A metal lithium composite electrode, preparation method, application and battery

technical field

The invention belongs to the technical field of metal lithium electrodes, and more particularly, relates to a metal lithium composite electrode, a preparation method, an application and a battery.

Background technique

Lithium-ion batteries are the main source of power for electric vehicles, electronic equipment, and drones, and it is imperative to continuously improve their energy density. Compared with the traditional lithium-ion battery anode material (graphite anode), metal lithium has a lower reduction potential (-3.04V, vs H ⁺ /H ₂ ) and a higher theoretical specific capacity (3860mAh g ^-1 ), which can Greatly improve the energy density of the battery. However, during the charging and discharging process of lithium metal, "lithium dendrites" and "dead lithium" are easily formed on the surface of lithium metal, resulting in low Coulomb efficiency, short battery cycle life, and even thermal runaway and explosion due to battery short circuit. . The above problems greatly limit the application of lithium metal anodes in high specific energy batteries. The construction of high-performance Li-metal composite electrodes is one of the important approaches to achieve uniform Li deposition/stripping behavior and suppress Li dendrite growth.

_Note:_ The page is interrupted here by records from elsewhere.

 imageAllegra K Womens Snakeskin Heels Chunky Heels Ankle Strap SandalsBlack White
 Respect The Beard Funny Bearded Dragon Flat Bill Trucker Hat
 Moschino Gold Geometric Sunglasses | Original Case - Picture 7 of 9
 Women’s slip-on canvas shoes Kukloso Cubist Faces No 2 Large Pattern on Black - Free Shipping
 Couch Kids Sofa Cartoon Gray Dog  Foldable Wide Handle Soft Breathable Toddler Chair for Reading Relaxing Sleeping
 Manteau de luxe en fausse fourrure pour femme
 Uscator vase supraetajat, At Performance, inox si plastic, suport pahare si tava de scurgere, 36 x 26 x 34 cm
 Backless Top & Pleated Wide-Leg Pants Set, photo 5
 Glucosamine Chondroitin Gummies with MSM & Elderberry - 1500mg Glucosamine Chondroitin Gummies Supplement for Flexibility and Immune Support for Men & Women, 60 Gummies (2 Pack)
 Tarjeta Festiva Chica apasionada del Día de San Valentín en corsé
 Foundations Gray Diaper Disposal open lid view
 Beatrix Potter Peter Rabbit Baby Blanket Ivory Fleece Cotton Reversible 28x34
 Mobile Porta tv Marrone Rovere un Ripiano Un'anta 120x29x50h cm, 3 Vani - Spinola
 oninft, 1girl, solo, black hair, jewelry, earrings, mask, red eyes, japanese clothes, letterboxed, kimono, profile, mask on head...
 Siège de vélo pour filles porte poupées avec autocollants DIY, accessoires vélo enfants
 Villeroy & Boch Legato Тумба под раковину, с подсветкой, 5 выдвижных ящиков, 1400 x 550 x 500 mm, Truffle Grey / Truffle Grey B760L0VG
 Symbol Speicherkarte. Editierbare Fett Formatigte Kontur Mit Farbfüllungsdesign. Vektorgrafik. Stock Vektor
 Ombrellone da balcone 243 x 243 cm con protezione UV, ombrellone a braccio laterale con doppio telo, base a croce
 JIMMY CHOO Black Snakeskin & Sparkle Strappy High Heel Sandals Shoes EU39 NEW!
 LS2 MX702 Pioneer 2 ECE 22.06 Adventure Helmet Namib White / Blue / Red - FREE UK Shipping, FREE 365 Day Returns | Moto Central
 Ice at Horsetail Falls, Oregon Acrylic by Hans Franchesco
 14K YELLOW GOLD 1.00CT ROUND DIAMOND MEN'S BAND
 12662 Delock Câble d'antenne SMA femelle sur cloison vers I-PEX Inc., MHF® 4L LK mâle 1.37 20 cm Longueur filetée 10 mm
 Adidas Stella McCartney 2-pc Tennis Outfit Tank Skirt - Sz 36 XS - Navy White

The commonly used framework materials for the preparation of lithium-containing composite electrodes mainly include carbon materials such as copper foam, nickel foam and carbon fiber. , it is usually necessary to modify the surface with a layer of lithophilic substances, such as Au, Ag, ZnO ₂ , SnO ₂ , etc. This additional operation not only increases the cost, but also makes the process cumbersome. In addition, in the process of compounding with metal lithium, two methods are generally used: molten immersion lithium or electrochemical deposition of lithium. In addition, the process is complicated, the former needs to be carried out at a higher temperature, and the latter needs to go through additional complicated battery loading and battery removal processes. Based on the above two points, designing novel lithiophilic frameworks and developing simpler composite methods are the keys to the application of high-performance metal-lithium composite electrodes.

The additive is pressed into the metal lithium sheet, and the use of rolling method to prepare the metal lithium negative electrode also has relevant reports (such as a preparation method of a layered composite for the negative electrode of a secondary metal lithium battery, Chinese invention patent CN 106654232 B), wherein, the additive is One or more of metal nanopowders, non-metallic nanopowders, layered structure compounds, and two-dimensional nanosheets; wherein the two-dimensional nanosheets are selected from reduced graphene oxide, graphene oxide, boron nitride nanosheets, disulfide One or more of molybdenum nanosheets, tungsten disulfide nanosheets, and Ti3C2 _{- MXene} nanosheets. Compared with the use of granular materials to prepare composite electrodes by rolling, the larger specific surface area of 2D materials can reduce the current density of lithium nucleation and inhibit the growth of lithium dendrites more effectively. The use of non-conductive 2D materials (graphene oxide, boron nitride, etc.) as additives can lead to sluggish reaction kinetics, Li ion aggregation, and induce uneven Li deposition. If the conductive material has poor lithophilicity (reduced graphene oxide), metallic lithium is more likely to be unevenly deposited on the upper surface of the material and grow lithium dendrites. For conductive two-dimensional materials with certain lithophilicity, only uniform nucleation can be achieved to a certain extent, but lithium dendrites are still easy to grow under high current and large capacity cycling conditions.

SUMMARY OF THE INVENTION

In view of the above defects or improvement needs of the prior art, the present invention provides a metal lithium composite electrode, a preparation method, an application and a battery, the purpose of which is to combine the transition metal nitride and the metal lithium sheet by a rolling method, and make full use of the transition metal Metal nitrides combine the advantages of large specific surface area, high electronic conductivity, strong lithiophilic properties, fast ion transport, and promotion of metal lithium epitaxial tile growth to achieve dendrite-free lithium deposition/stripping at high current and large capacity.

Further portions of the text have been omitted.